Final Verdict: See It

Tuesday, September 1, 2009

Ladies In Retirement (1941)


Directed by: Charles Vidor
Written by: Reginald Denham
Starring: Ida Lupino, Louis Hayward, Evelyn Keyes, Elsa Lanchester, Edith Barrett, Isobel Elsom

This fog-shrouded Victorian era film stars Ida Lupino as Ellen Creed, the housekeeper to Leonora Fiske, a retired actress in a remote country house. One day she receives a distressing letter from London. Her two eccentric step-sisters, Emily (Lanchester) and Louisa (Barrett) are about to be evicted from their lodgings. Ellen convinces Leonora to let her step sisters stay with her. She agrees, but only for a short time.

When the dark, serious Emily and the flighty, nervous Louisa arrive they do nothing but unnerve Leonora. They're not only eccentric, they're absolutely certifiable. Ellen keeps the fact that the sisters will be committed to an insane asylum if they do not remain under Ellen's care a secret.

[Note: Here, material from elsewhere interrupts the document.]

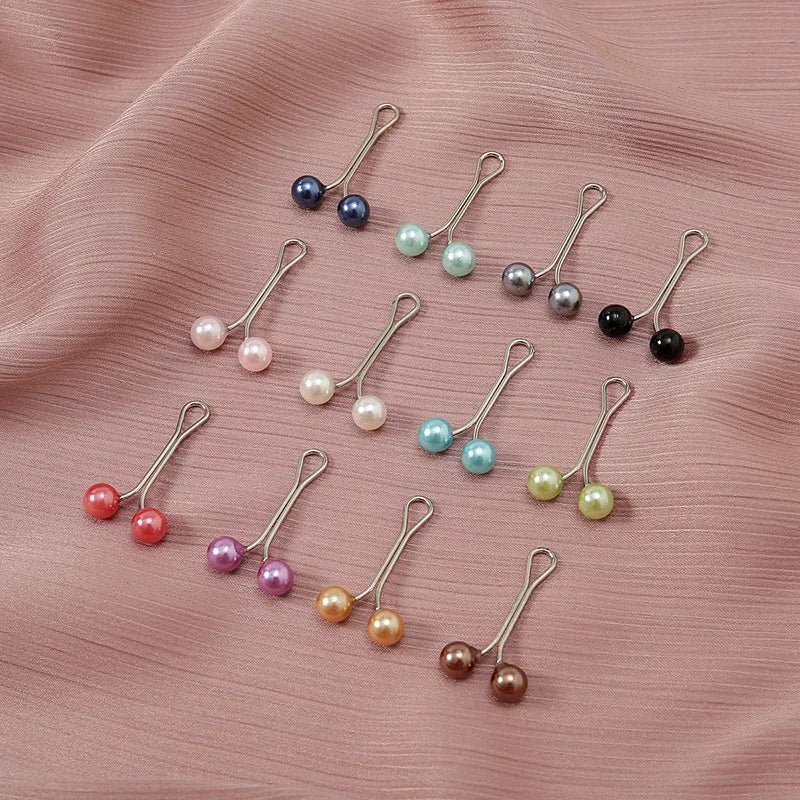 Collection de foulards hijab perles et gemmes multicolores avec boucles métalliques décoratives sur tissu rose.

When Leonora demands that the sisters leave the house, along with Ellen, Ellen must resort to desperate measures to assure that her family stick together. And the desperate measure? Murder.

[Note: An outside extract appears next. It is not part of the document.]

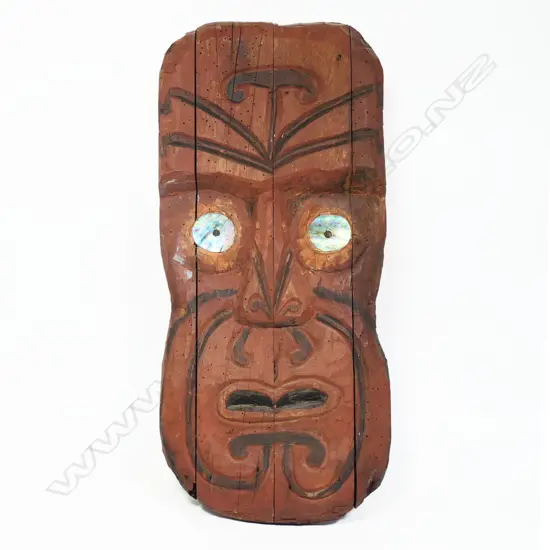 An early 20thC folk art carved Māori wheku gable mask,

Throw in Louis Hayward as Albert, a handsome, untrustworthy vagabond, Evelyn Keyes as Leonora's suspicious maid, and two intrusive nuns, and Ellen's problems have only just begun.

This film was clearly adapted from a play. It all takes place in and around Leonora's country house. But the staginess never gets in the way of the witty script and the great performances from Lupino and Hayward. But it's the always wonderful Elsa Lanchester who steals the show.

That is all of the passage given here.